The Most Dangerous Words in a Research Brief: “We Just Need Direction”

The Most Dangerous Words in a Research Brief: “We Just Need Direction”

After about 25 years in this field — the journey from brown hair to gray — I’ve learned that the most dangerous words in a research brief aren’t technical. They’re not about sample size, methodology, or timelines.

They’re simple. And they’re almost always said with the best of intentions:

On the surface, it sounds reasonable. Teams are under pressure. Timelines are tight. There are multiple stakeholders involved, each hoping the research will help move things forward. But over time, I’ve learned that when those words show up, it’s a signal to slow down, not speed up.

Not because the project is in trouble — but because “direction” almost always means different things to different people in the room.

Most research projects don’t start with a single decision-maker. They start with a group. Brand, marketing, communications, leadership — all smart, capable people, each bringing slightly different priorities and expectations to the table.

Everyone wants the research to help. Everyone also tends to want it to answer their version of the question.

When those differences stay unspoken, they don’t disappear. They wait.

One of the most common places this shows up is during the final presentation. We’re walking through results, connecting insights to recommendations, and someone asks:

“Why didn’t we ask about X?”

What makes that moment tricky is that X usually isn’t a surprise topic. The client was involved throughout the process — from goal setting to questionnaire review to final approval. But when objectives stay high-level, important angles can remain implicit. They feel understood, but never fully articulated, which means no one realizes they’re missing until the results are already on the table.

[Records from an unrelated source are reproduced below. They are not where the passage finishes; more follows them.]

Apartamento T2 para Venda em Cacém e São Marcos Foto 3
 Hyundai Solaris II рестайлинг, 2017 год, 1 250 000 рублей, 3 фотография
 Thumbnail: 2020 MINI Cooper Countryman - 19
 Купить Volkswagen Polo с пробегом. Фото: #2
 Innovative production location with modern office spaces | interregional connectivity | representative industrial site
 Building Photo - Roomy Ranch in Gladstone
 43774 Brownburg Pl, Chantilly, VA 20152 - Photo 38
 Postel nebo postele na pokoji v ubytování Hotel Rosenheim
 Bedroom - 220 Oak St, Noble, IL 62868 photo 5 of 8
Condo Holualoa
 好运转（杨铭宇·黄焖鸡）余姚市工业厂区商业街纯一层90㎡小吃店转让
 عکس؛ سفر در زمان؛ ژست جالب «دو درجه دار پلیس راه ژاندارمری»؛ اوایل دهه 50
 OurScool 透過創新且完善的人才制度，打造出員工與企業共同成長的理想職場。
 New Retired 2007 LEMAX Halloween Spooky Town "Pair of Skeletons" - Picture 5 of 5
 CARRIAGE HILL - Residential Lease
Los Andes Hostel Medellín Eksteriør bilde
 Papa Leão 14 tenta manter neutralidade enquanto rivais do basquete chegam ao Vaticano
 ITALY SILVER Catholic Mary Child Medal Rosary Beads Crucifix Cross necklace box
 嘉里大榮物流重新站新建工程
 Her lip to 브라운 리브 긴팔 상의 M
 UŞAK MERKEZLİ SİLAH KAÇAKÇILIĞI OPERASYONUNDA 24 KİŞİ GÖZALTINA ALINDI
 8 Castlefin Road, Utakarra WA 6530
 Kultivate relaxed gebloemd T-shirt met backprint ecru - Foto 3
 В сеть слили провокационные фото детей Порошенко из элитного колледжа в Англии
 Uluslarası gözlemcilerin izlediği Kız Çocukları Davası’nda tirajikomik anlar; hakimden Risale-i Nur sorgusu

That’s not a memory problem. It’s an objective-setting problem.

Another version of this shows up when we deliver recommendations that are thoughtful, supported, and genuinely useful — only to learn that something we tested was never actually on the table.

Maybe it was politically sensitive. Maybe leadership had already ruled it out. Maybe it simply wasn’t realistic from the start.

None of that is unusual. What is problematic is discovering those constraints after the research is complete.

I’ve also seen this play out in more concrete ways — like a study we conducted last year where nearly half the data turned out to be irrelevant. Not because the research was flawed, but because the target audience wasn’t fully aligned with real-world constraints. The client simply wasn’t allowed to operate in a particular geography, a detail that didn’t surface clearly during goal setting.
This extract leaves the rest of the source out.